第2話

 次の日にはルシアンが天慶スキルを使えない無神者だと言うことが、街の噂になっていた。


 しかもルシアンが灼剣猟団をクビになった原因は、パーティーメンバーを襲ったためだとか、マルティンまがい商法をしているためだとか、根も葉も無い内容も込みだった。

 いったい、どこからそんな噂が流れたのか? を考えると、突発的にツボを叩き割りたくなるので考えないことにした。


(女なんてもう信じない……)


 心はささくれ立ち、やさぐれていた。それでも、働かなければならない。

 五万レドもするツボを買ってしまったため、金銭的にピンチだからだ。


 しかしながら、変な噂のせいで、どのパーティーもルシアンの加入を断ってくる。となれば、もう一人で仕事をこなすしかなかった。

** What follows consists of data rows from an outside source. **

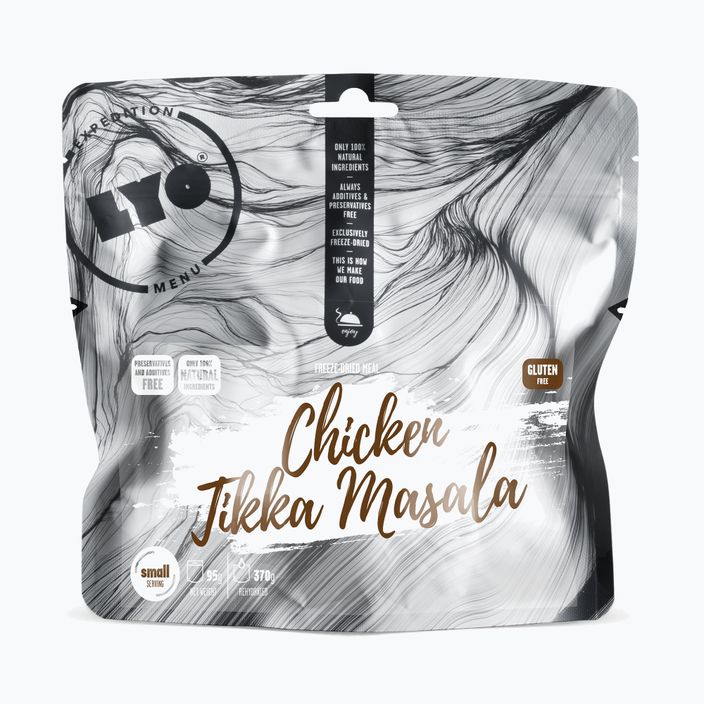 Gefriergetrocknete Lebensmittel LYOFOOD Chicken Tikka Masala 3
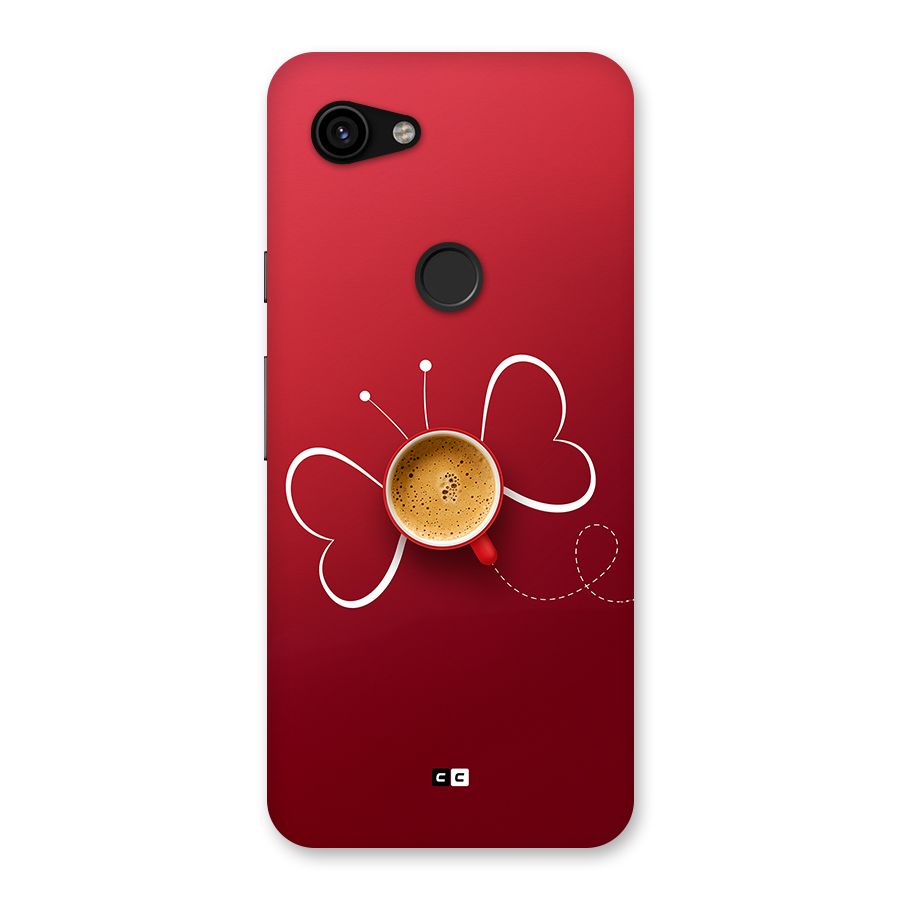 Flying Tea Back Case for Google Pixel 3a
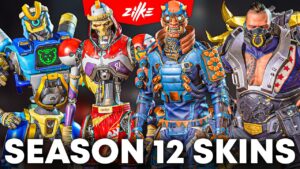 MORE SEASON 12 SKINS 🥊🥊🥊 × Apex Legends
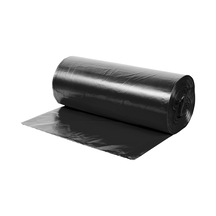 Endüstriyel Jumbo Boy Siyah Çöp Torbası Poşeti - 700 Gr. - 90 Litre - 80 X 110 Cm / 10 Adetlik Rulo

「死にたい、なにもしたくない……あ、ソロで受けられるような依頼はありますか?」


 冒険者ギルドの窓口で相談するも、受付の女性からは残念そうな顔で首を横に振られた。


「今の時期はダンジョンも活性化しているので、ソロの方への斡旋は難しく……」

「え? メリルさんも裏切るんすか? 女は全員俺の敵ってことっすか?」

「……あ、では、幸運になるツボを売ってるんですが」

「お前もかよっ!!」


 泣きながら駆け去った。背後から「じょ、冗談ですよー!」というメリルの声が聞こえてくる。どうやらルシアンがマルティンまがい商法に引っかかったことも噂になっているらしい。

 外に出たところで盛大なため息を一つついた。


(もう俺は生涯童貞でいい。地母神ミリス様に俺の全てをささげる。あの世でミリス様とイチャイチャする……)

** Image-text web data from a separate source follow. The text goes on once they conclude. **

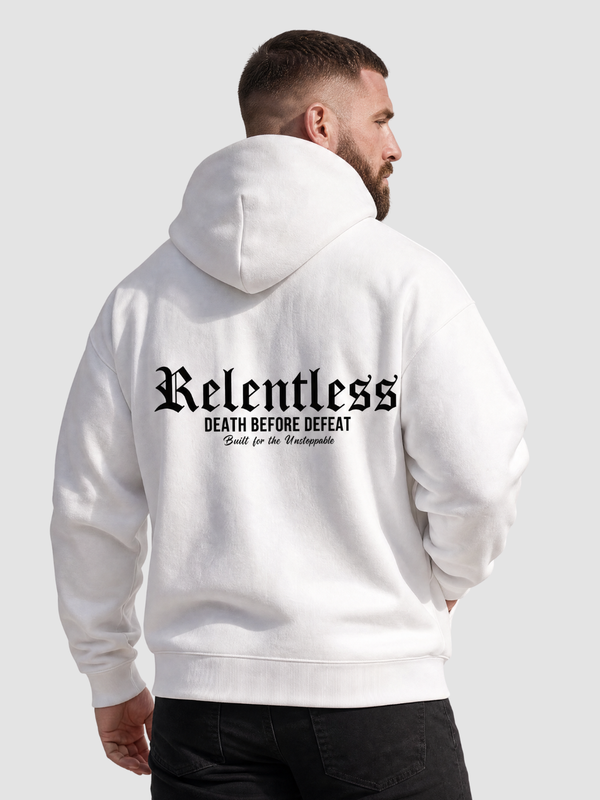 Relentless Pro Hood | White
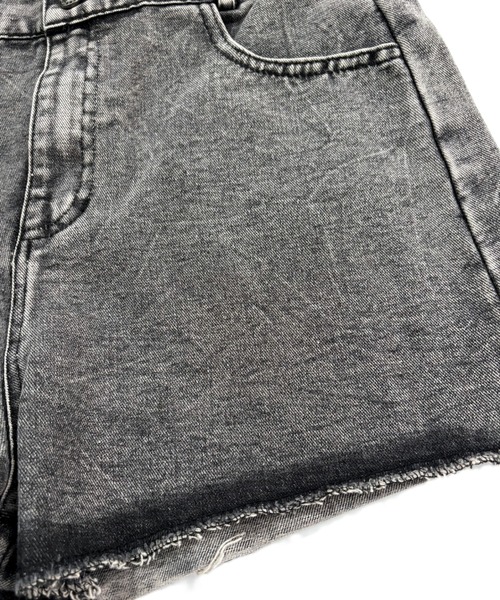 CANVAS+（キャンバスプラス）の「【CANVAS＋】クロス刺繍ヴィンテージデニムセットアップ（セットアップ・レディース・ブラック・S/M）」の18枚目の写真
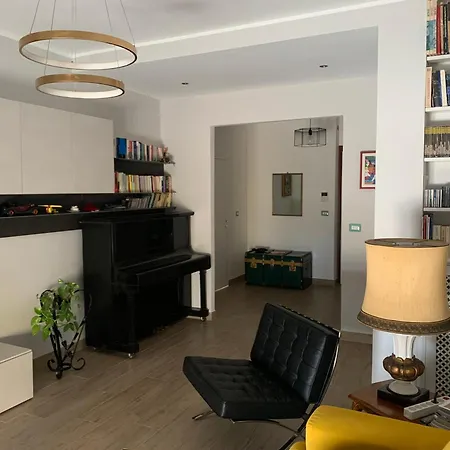 Penthouse In The Historic Center Appartement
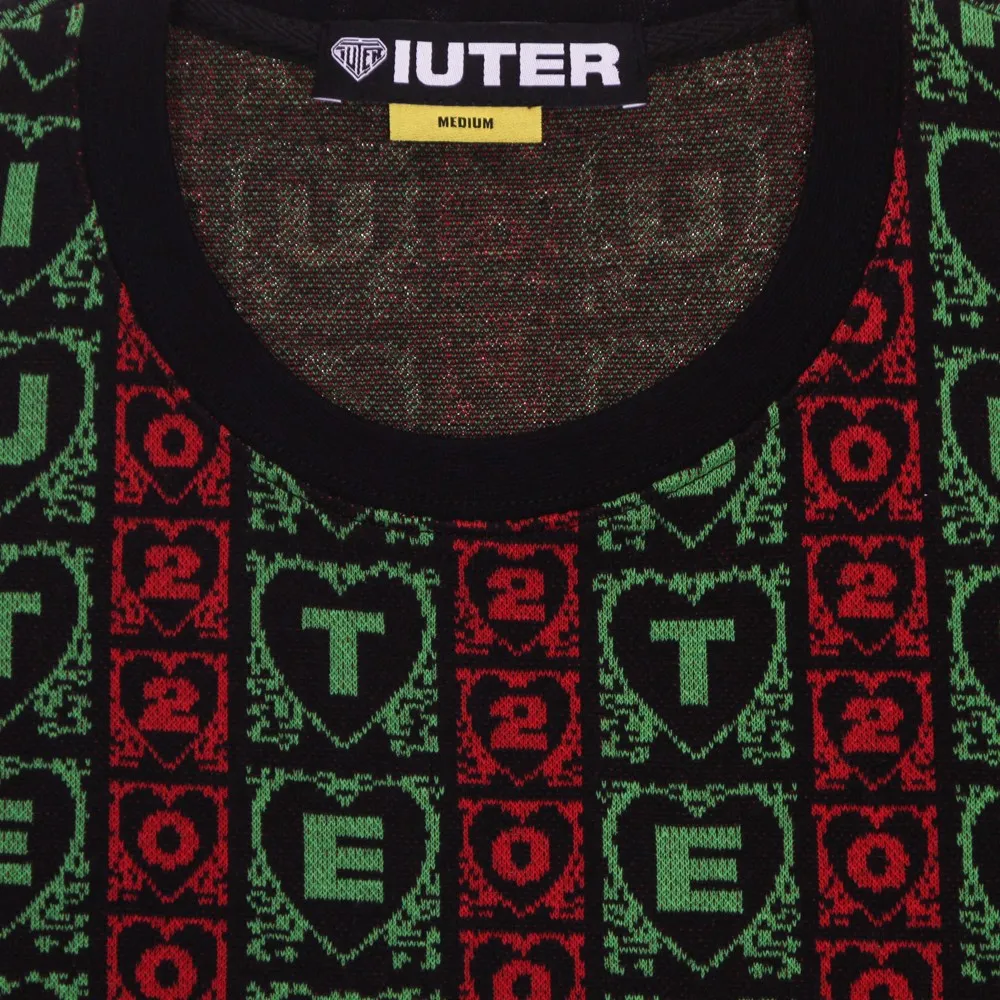 Maglietta Uomo Lovely Jacquard Tee Multi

 七神教のうちの一つミリス教は地母神で処女神である女神ミリスを奉る教派だ。


(ちんこ切り落としてミリス様に奉納しよう)


 熱狂的な男性ミリス教徒の気持ちが今ならわかる。

 陰茎を切り落とすなんて気が狂っとると思っていたが、今のルシアンは女性というものに絶望していた。

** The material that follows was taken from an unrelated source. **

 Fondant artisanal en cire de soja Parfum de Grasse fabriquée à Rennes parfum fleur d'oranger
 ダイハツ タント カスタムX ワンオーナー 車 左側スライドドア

(今日はミリス様の絵を買って帰ろう。ルガポジ先生の新作が発売する日だし……)


 女神ミリスの宗教画(裸)はルシアンのように女性に絶望した男の必需品だった。だが、神は人のように服を着ないから、決してエッチではないのだ。

 盛大なため息をつき、背中を丸めながら歩く。


(てか、天慶スキルが使えないってバレたの、やばくないか?)


 天慶スキルは七柱神と王神から授けられるギフトだ。天慶スキルを身に付ければ、あらゆる技術が努力や理解なく修得できる。生まれつき天慶スキルを使える者もいるが、普通は契神の儀式を経ることで神との繋がりを得るのだ。

 しかし、ルシアンは天慶スキルを使えない無神者、神との繋がりが絶たれた存在だ。ルシアンも幼い頃に地母神ミリスと契神したが、ついぞ一度も天慶スキルを使えたことは無かった。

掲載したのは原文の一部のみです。